Adolescenti confusi, perduti, pericolosi, che covano in sé il seme della follia o cercano solo di distinguersi dalla massa. I protagonisti di Palo Alto, pellicola ispirata alla raccolta di racconti di James Franco In stato di ebrezza, non appartengono alla patinata gioventù losangelina, non posseggono la carica autodistruttiva degli scandalosi lost boys di Gregg Araki né l'inquietante distacco emotivo dei personaggi di Gus Van Sant. Palo Alto è una cittadina della provincia californiana in cui Franco è cresciuto nei primi anni '80, ben prima che la location vivesse il boom dell'industria multimediale divenendo quartier generale di Facebook. Quella piccola borghesia americana che ne popola i quartieri residenziali trascorrendo un'esistenza priva di stimoli in casette tutte uguali, preoccupandosi unicamente del denaro e dell'affermazione personale, diviene terreno d'indagine per Gia Coppola, ennesimo membro della celebre dinastia italoamericana a cimentarsi nella regia. La Coppola si muove in un terreno già ampiamente esplorato confezionando un romanzo di formazione poco originale nel tema, ma vivo e vitale nel contenuto. La regista riesce a cogliere con naturalezza a tratti quasi documentaristica il malessere e l'insicurezza che albergano negli adolescenti americani fotografandoli nei loro rituali: lo sport, le feste, il fumo, l'alcool, il sesso, le relazioni con il mondo adulto.

April (Emma Roberts) è un'adolescente divisa tra l'interesse per l'irrequieto coetaneo Teddy (l'esordiente Jack Kilmer, figlio di Val Kilmer) e le attenzioni di Mr. B, il suo allenatore di calcio (interpretato da James Franco). Teddy se ne va in giro a fare danni insieme a Fred (Nat Wolff), dedito alla marijuana e a comportamenti estremi, che a sua volta frequenta Emily (Zoe Levin), una delle ragazze facili della scuola. In una pellicola d'impronta corale Gia Coppola permette alla narrazione di fluire liberamente, lasciando ai personaggi lo spazio necessario per lo sviluppo dei singoli caratteri. Le loro vicende si intrecciano e si alternano in un mosaico magmatico in continua evoluzione. Lo sguardo della regista denota curiosità e fascinazione, si fa complice per catturare la verità di una generazione X a cui nessuno ha fornito le istruzioni per diventare grandi. Assenti quasi del tutto gli adulti, o comunque incapaci di educare (oltre alla madre di Teddy, nel film compare il permissivo ed eccentrico patrigno di April, interpretato da un irresistibile Val Kilmer), a Talia Shire viene affidato un significativo cameo nei panni di una consulente scolastica che incalza April per spingerla a riflettere sul futuro. Un futuro che, agli occhi di questi giovani, appare privo di interesse.

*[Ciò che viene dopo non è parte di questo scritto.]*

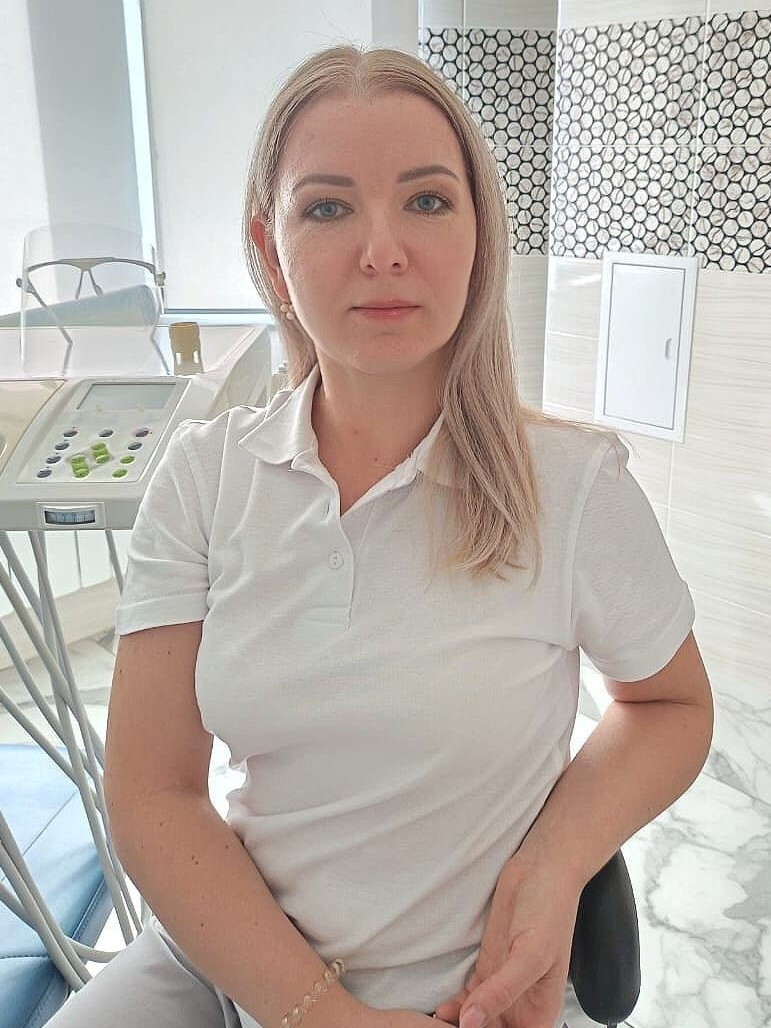 Ольга Вячеславовна Барбашова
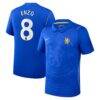 Enzo Fernández Chelsea Nike 2026/27 Home Stadium Replica Jersey - Blue - Front View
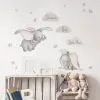 Disney Dumbo Wall Stickers -kids bedding Shop 30647871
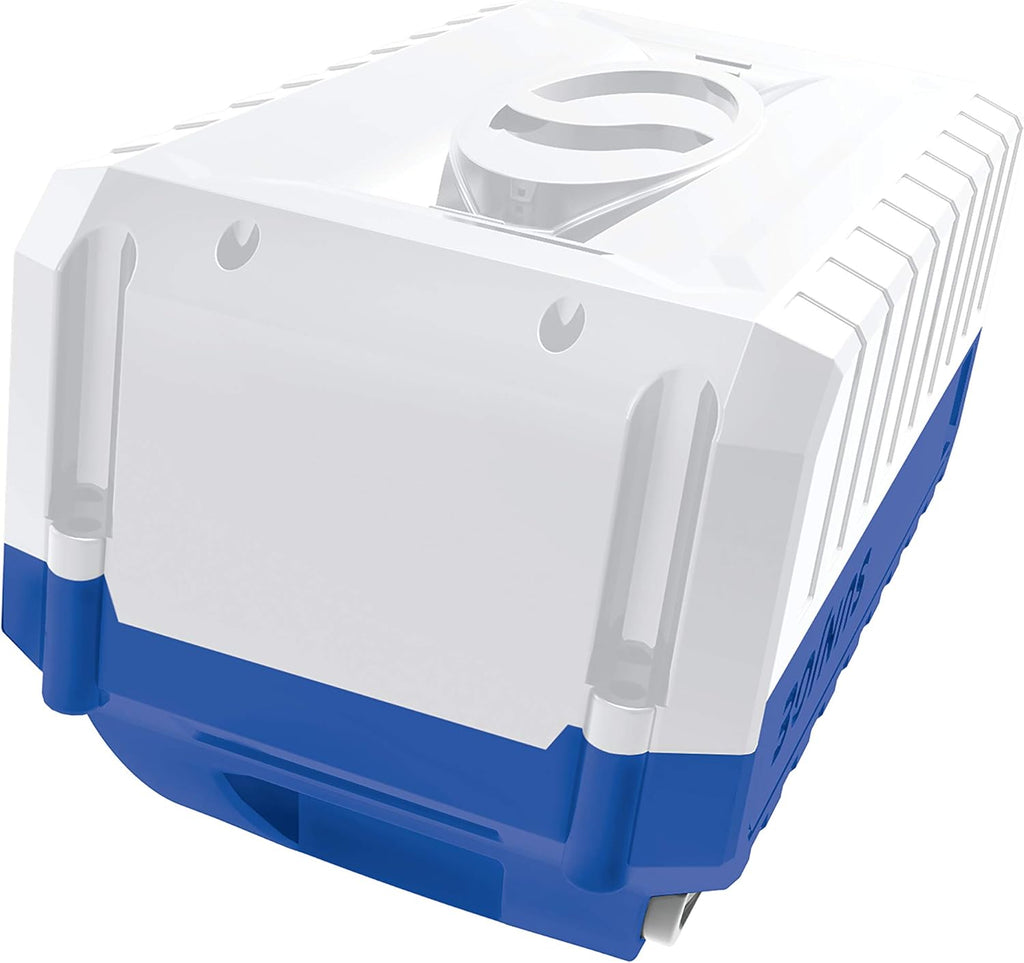 White 24V Lithium iON Battery and Charger A6767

L'unico adulto disposto a entrare realmente in contatto con i ragazzi e a trattarli come suoi pari è Mr. B, l'allenatore della squadra di calcio femminile interpretato da James Franco il quale però, a sua volta, si dimostra ambiguo e insicuro infrangendo i vincoli professionali e intrecciando una relazione proibita con April. L'attore sembra a suo agio in un ruolo così discutibile e rivela una notevole alchimia con Emma Roberts, a sua volta capace di una perfomance naturale e intensa. Imperdibile anche il cameo di Val Kilmer che interpreta il pittoresco patrigno di April affettuoso, ma tossico. Come nei film di Sofia Coppola, anche in questo caso l'andamento narrativo non è strutturato rigidamente. Più che raccontare una storia, il film crea un'atmosfera, accosta situazioni che forniscono uno spaccato della gioventù americana. Il tutto senza morbosità né giudizi morali di sorta. Un universo, a tratti delicato a tratti disturbante, di adolescenti in bilico su un filo sottile. Quanti di loro riusciranno a superare indenni la linea d'ombra?